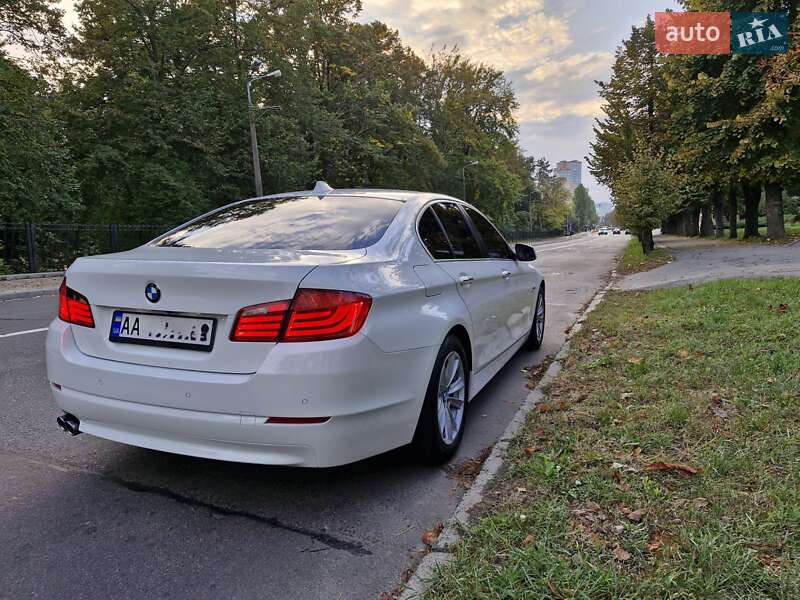 Седан BMW 5 Series 2012 в Киеве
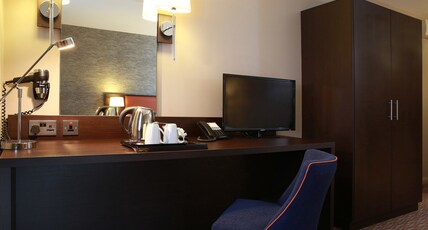 Holiday Inn Belfast Room Type - 2 Single Standard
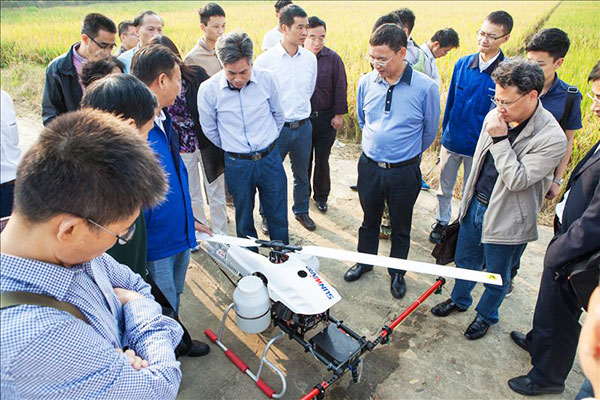 星际官网注册科技超低空遥控飞行植保机通过科研成果鉴定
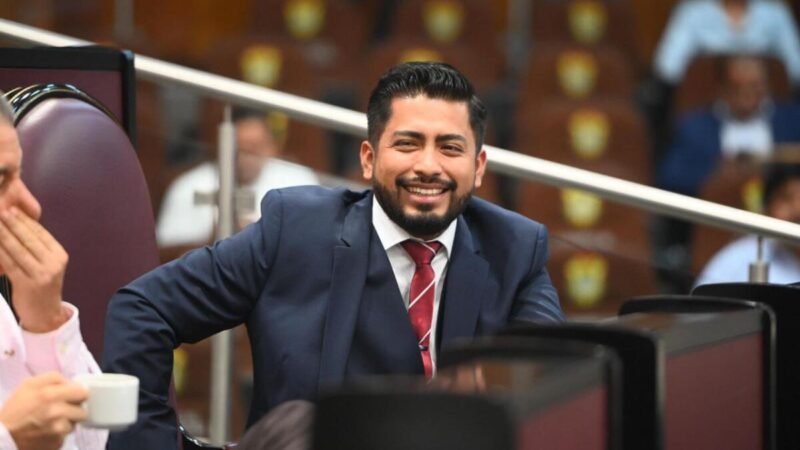 ALEJANDRO PORRAS, A LA MESA DIRECTIVA DEL CONGRESO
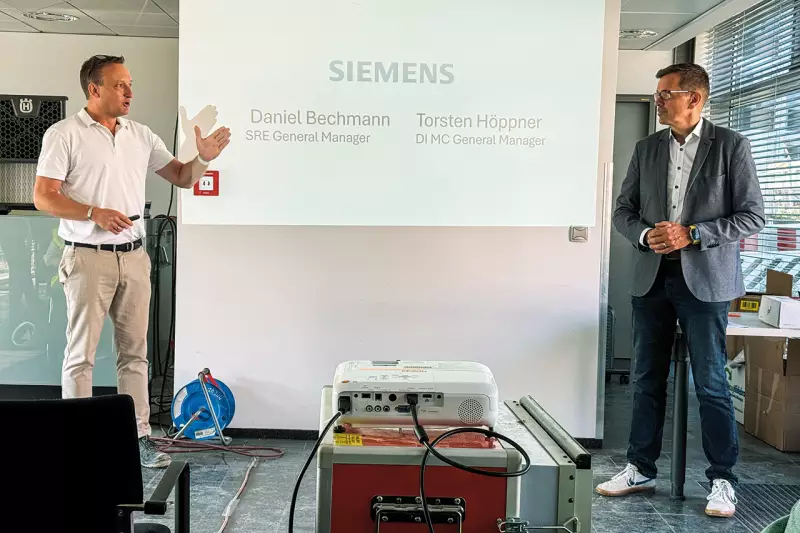 Am Siemens-Standort Erlangen entsteht ein neuer Technologiecampus, der Forschung, Entwicklung und Hightech-Produktion bündelt und nach höchsten Nachhaltigkeitskriterien entsteht. Bei der Veranstaltung am 2. Juli 2025 stellten (v. l.) Daniel Bechmann und Torsten Höppner von Siemens die Pläne im Detail vor. Quelle: Treffpunkt.Bau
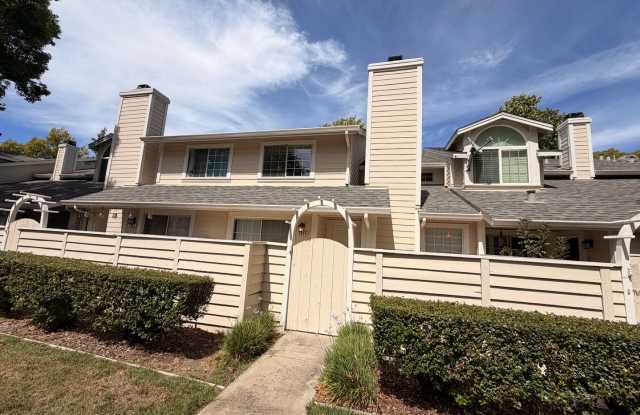 STUNNING TWO FLOOR 3BD/2.5BA TOWNHOME IN PLEASANTON CA!!!! photos photos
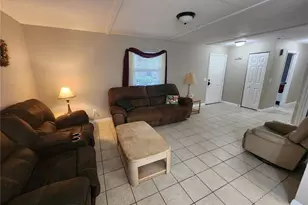 240 Newcomb St, New Smyrna Beach, FL 32168 - Photo 10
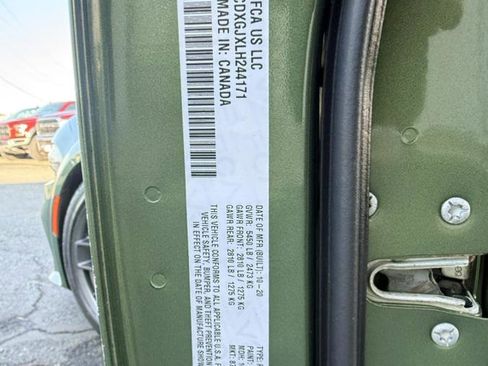 Used 2020 Dodge Charger Scat Pack RWD image 31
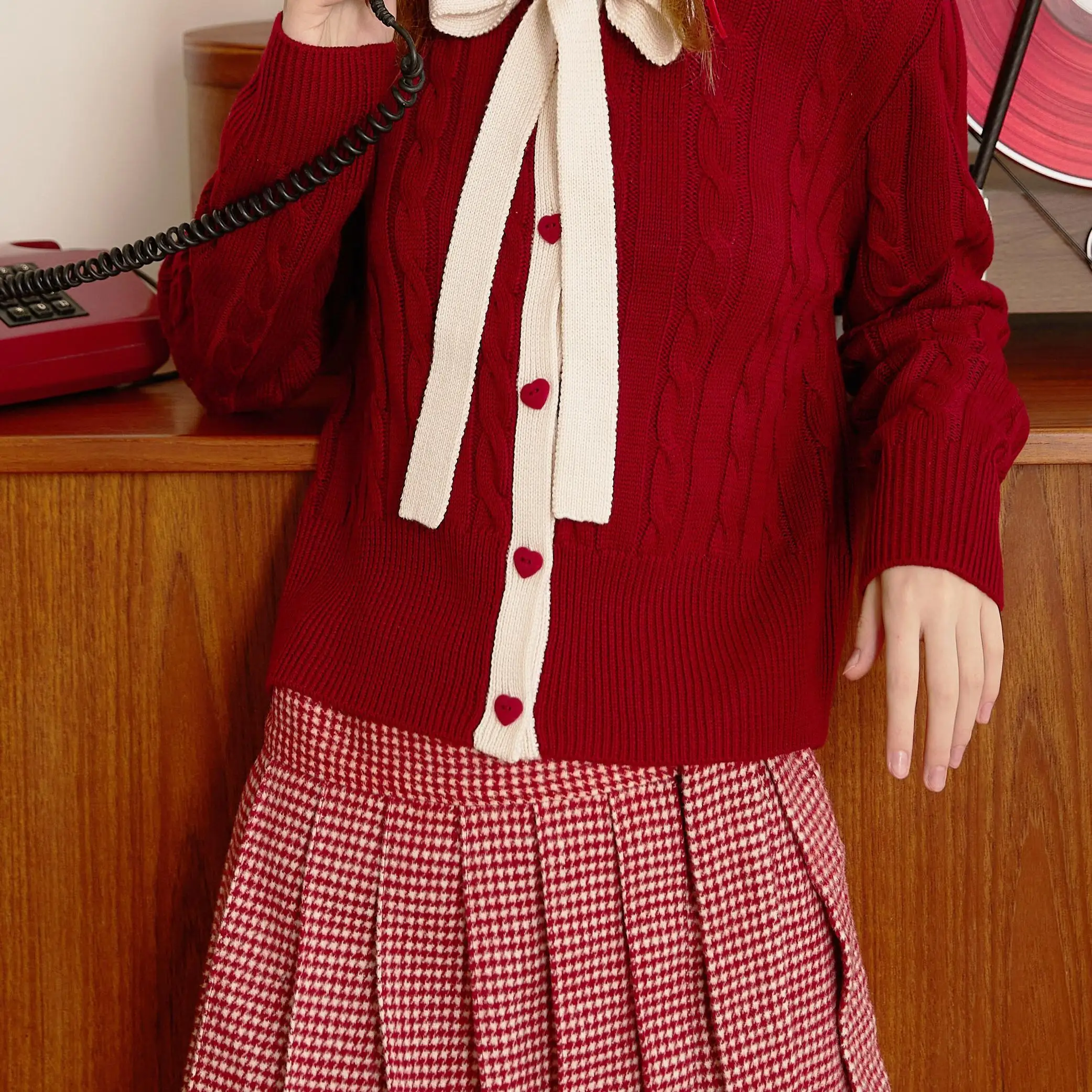 

Кардиган женский зимний с оригинальным дизайном, красно-белый, с узлами и скрученным узором, из смесовой ткани (полиэстер и шерсть)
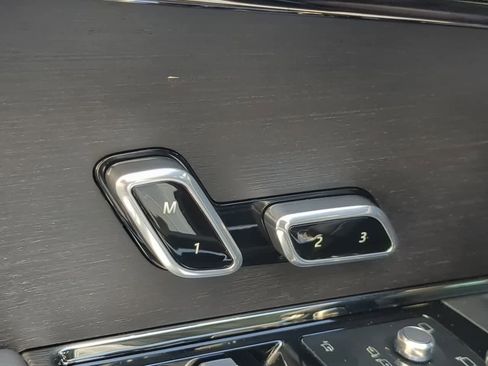 Used 2023 Land Rover Range Rover Sport SE image 16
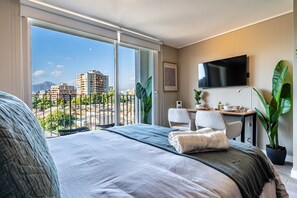 Comfort Apartment, Balcony, City View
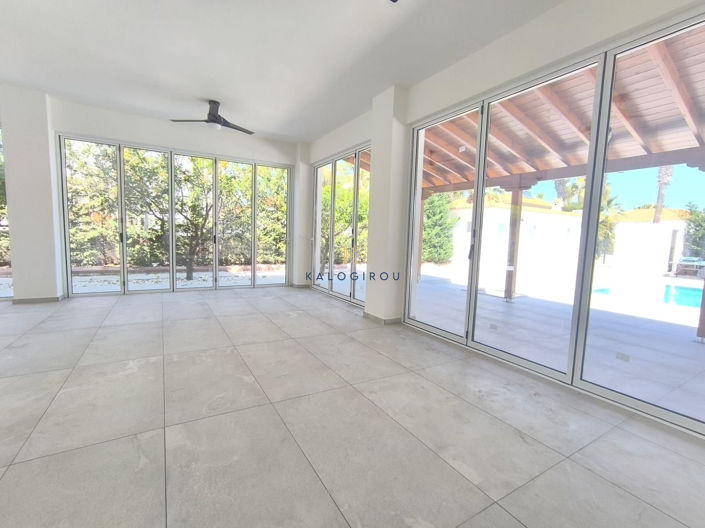 Image No.31-5 Bed House for sale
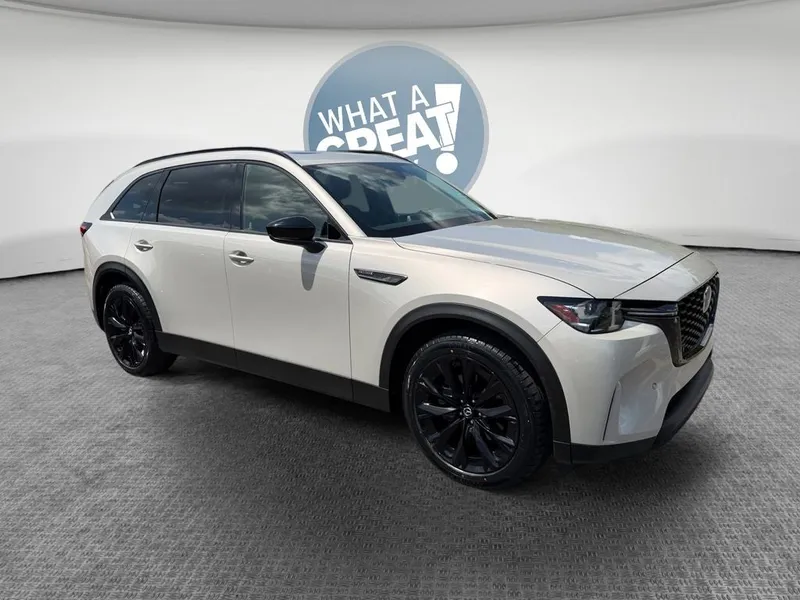 2025 Mazda Mazda CX-90 3.3 Turbo Premium in Platinum Quartz — front three-quarter view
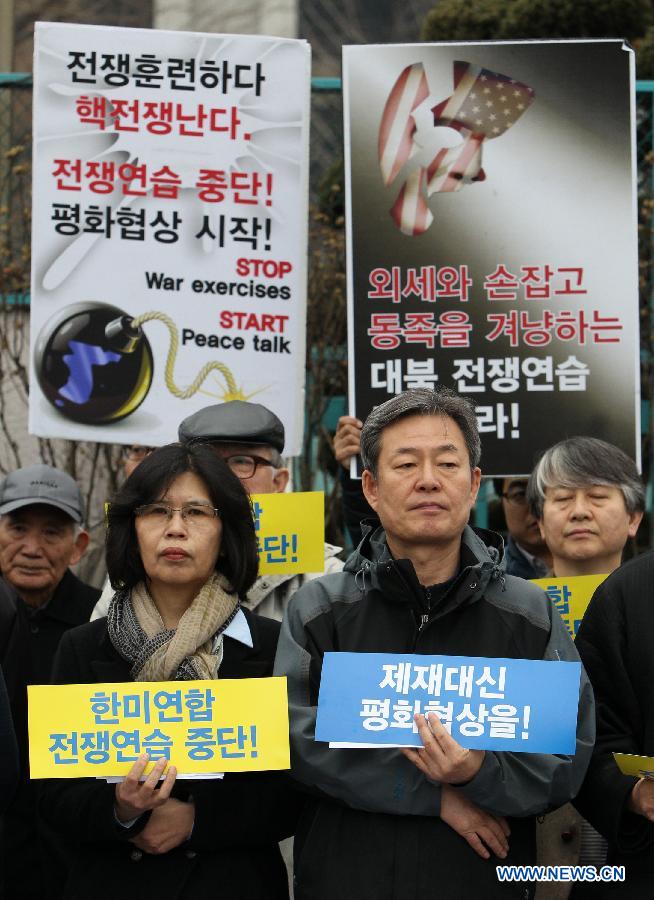 South Korean activists hold posters during a rally against the South Korea-U.S. joint military exercise "Key Resolve" from March 11 to 21 in Seoul, South Korea, March 7, 2013. (Xinhua/Park Jin-hee) 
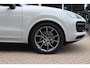 Porsche Cayenne Coupé 3.0 E-Hybrid / Trekhaak / Panoramadak / 360Camera / Keyless / 21'' / Softclose / Luchtvering / Bose / Sportdesign+Chrono / Stoel+Stuurverwarming / Dodehoek / DAB / ACC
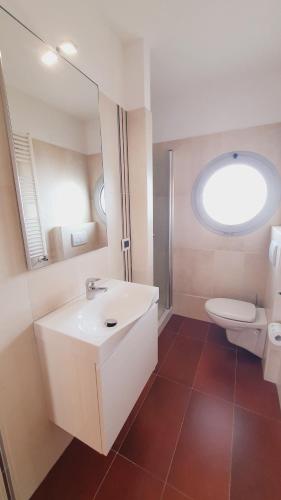 Apartment with Sea View image 6
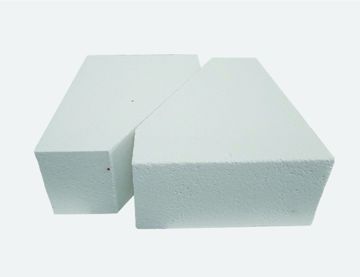 Re-sintered electric fused zircon mullite bricks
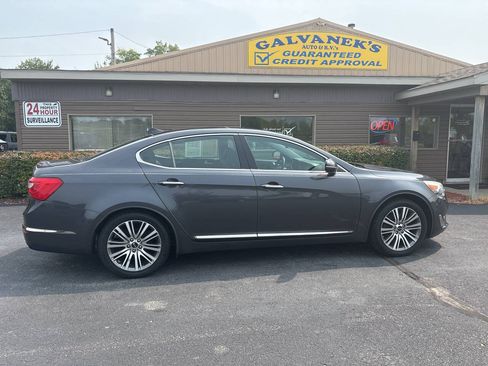 Used 2016 Kia Cadenza Premium FWD image 4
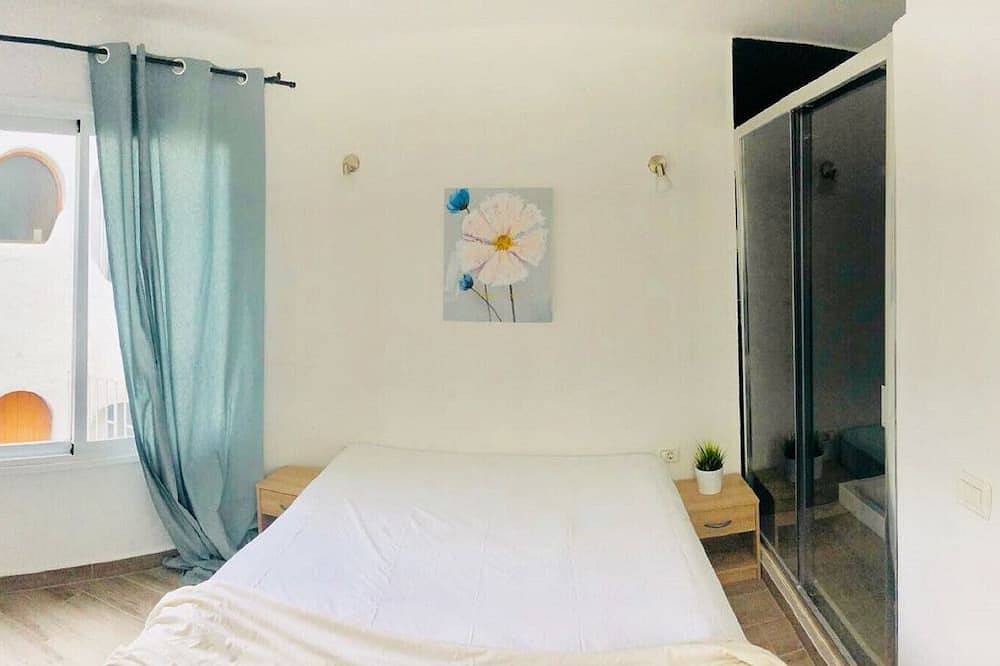 Entire apartment, Triplex Fantasy Fun In Playa De Las Americas in Playa de las Américas, South Tenerife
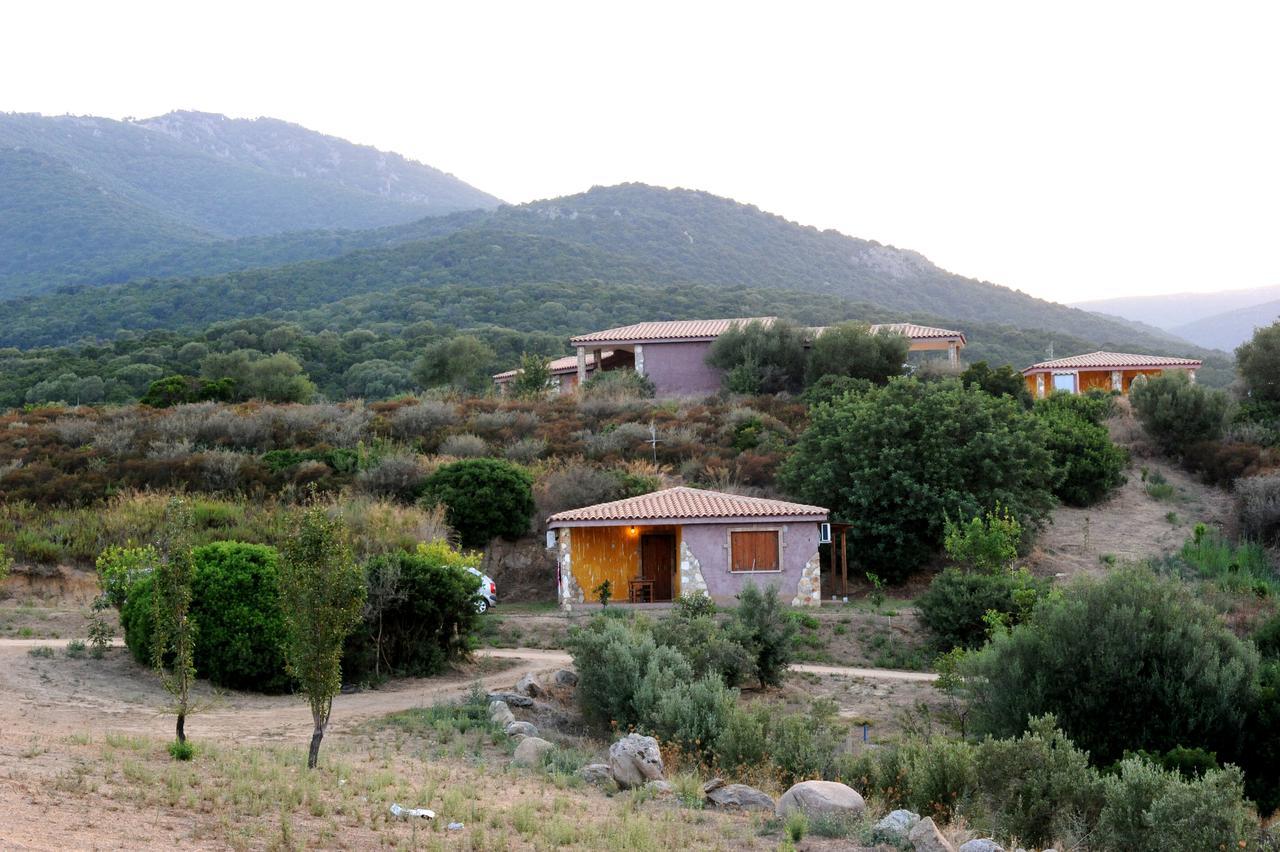 Is Bisus Guest House Castiadas Exterior photo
§ §
[Your assignment] Only the lines from the start of the material to the line with "ALEJANDRO PORRAS, A", inclusive, belong in the answer, printed exactly and free of pictures.

[Solution for this problem]
 Седан BMW 5 Series 2012 в Киеве
 Holiday Inn Belfast Room Type - 2 Single Standard
 星际官网注册科技超低空遥控飞行植保机通过科研成果鉴定
 ALEJANDRO PORRAS, A LA MESA DIRECTIVA DEL CONGRESO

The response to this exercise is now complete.